— Exercise goal —
Your output should be exactly the lines from the one containing "Billy Liddell, gets" through the last line of the listing, and nothing else. Pictures stay out.

— Supplied material —
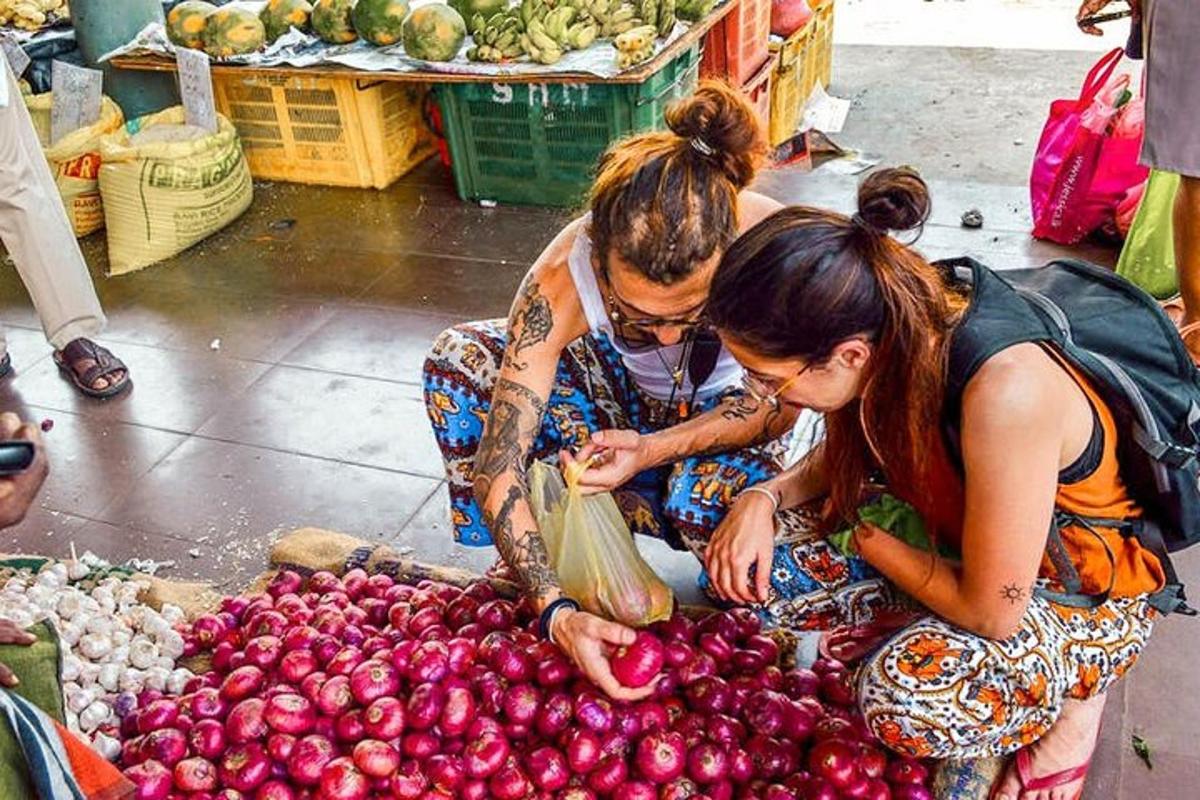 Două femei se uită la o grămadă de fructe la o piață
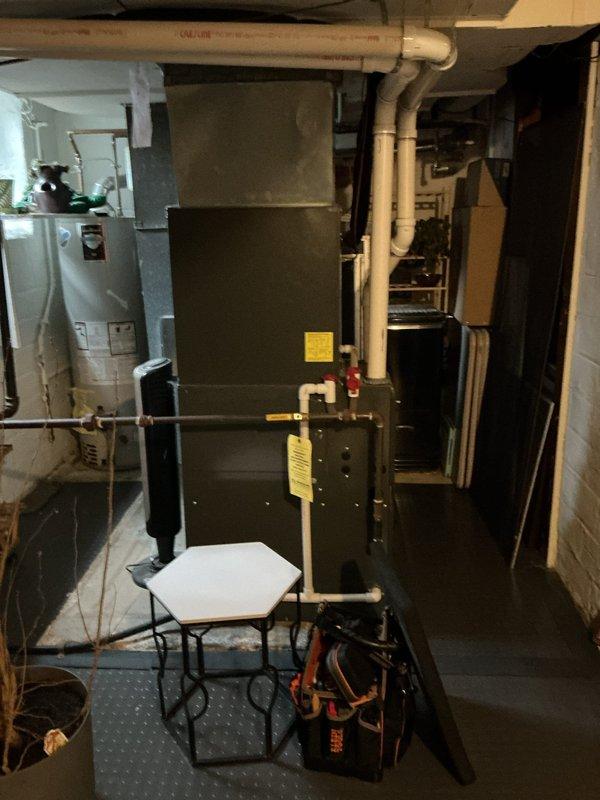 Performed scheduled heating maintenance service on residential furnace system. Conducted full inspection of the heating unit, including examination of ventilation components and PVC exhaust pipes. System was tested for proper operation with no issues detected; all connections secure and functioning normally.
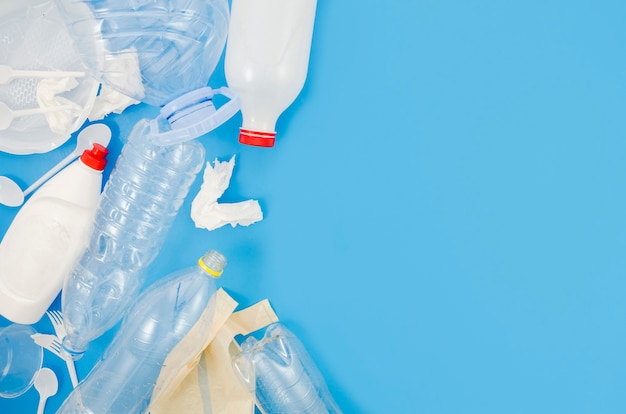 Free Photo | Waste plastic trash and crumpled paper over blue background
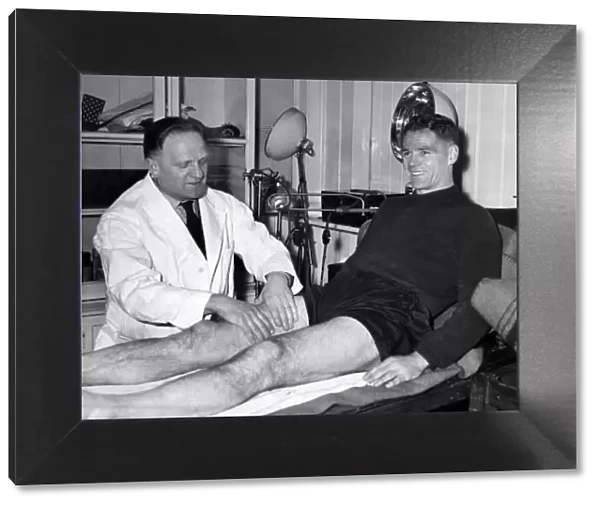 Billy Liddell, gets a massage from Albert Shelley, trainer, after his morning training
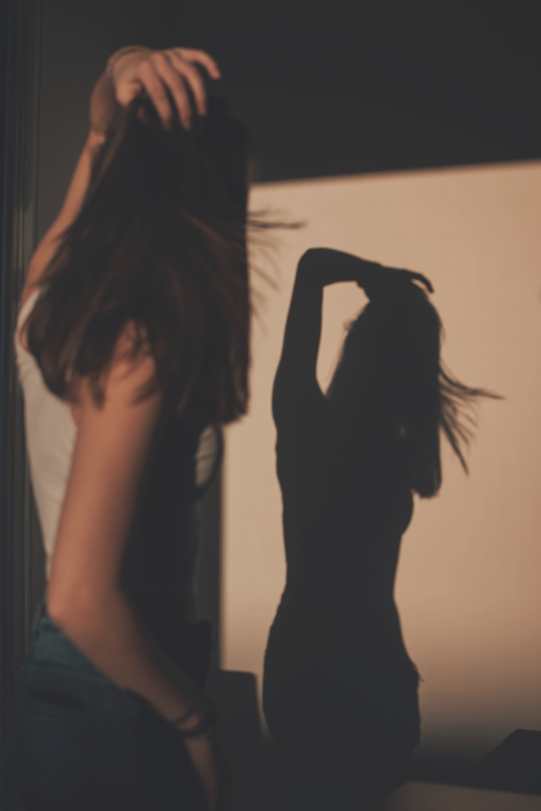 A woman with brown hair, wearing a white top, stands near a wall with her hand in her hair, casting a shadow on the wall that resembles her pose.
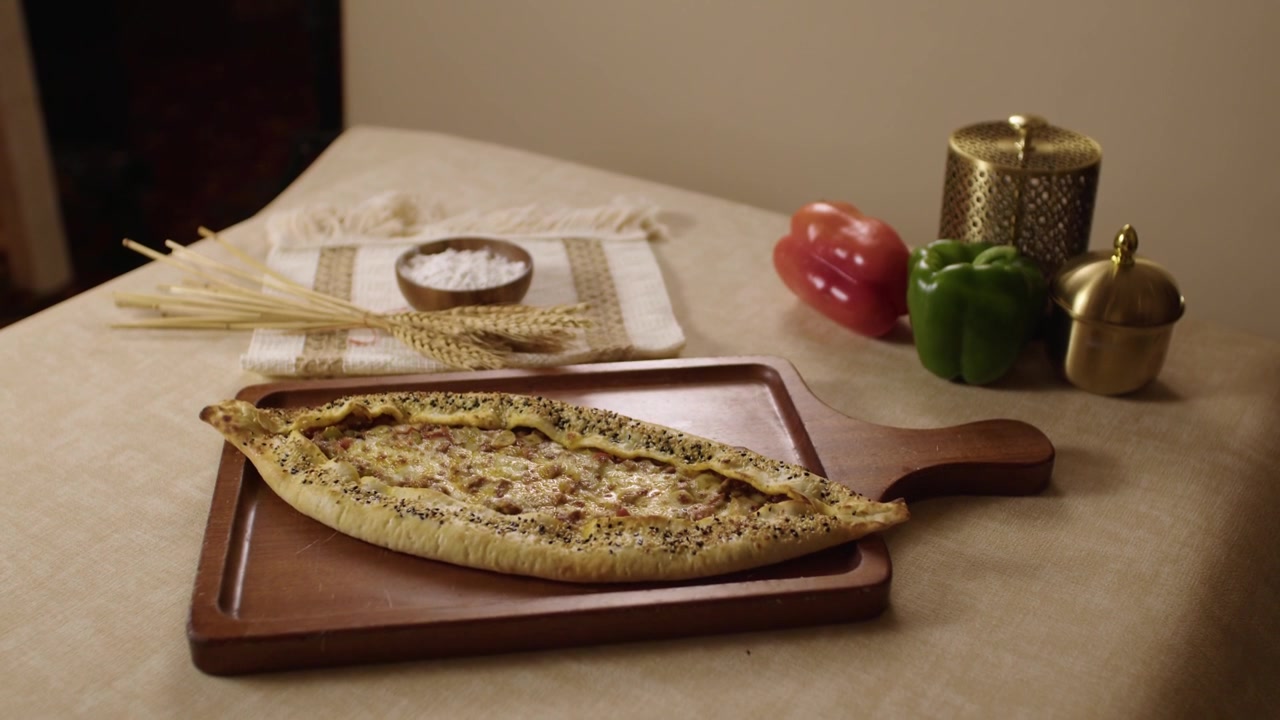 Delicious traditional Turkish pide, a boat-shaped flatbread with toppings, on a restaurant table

— Output for this exercise —
 Billy Liddell, gets a massage from Albert Shelley, trainer, after his morning training
 A woman with brown hair, wearing a white top, stands near a wall with her hand in her hair, casting a shadow on the wall that resembles her pose.
 Delicious traditional Turkish pide, a boat-shaped flatbread with toppings, on a restaurant table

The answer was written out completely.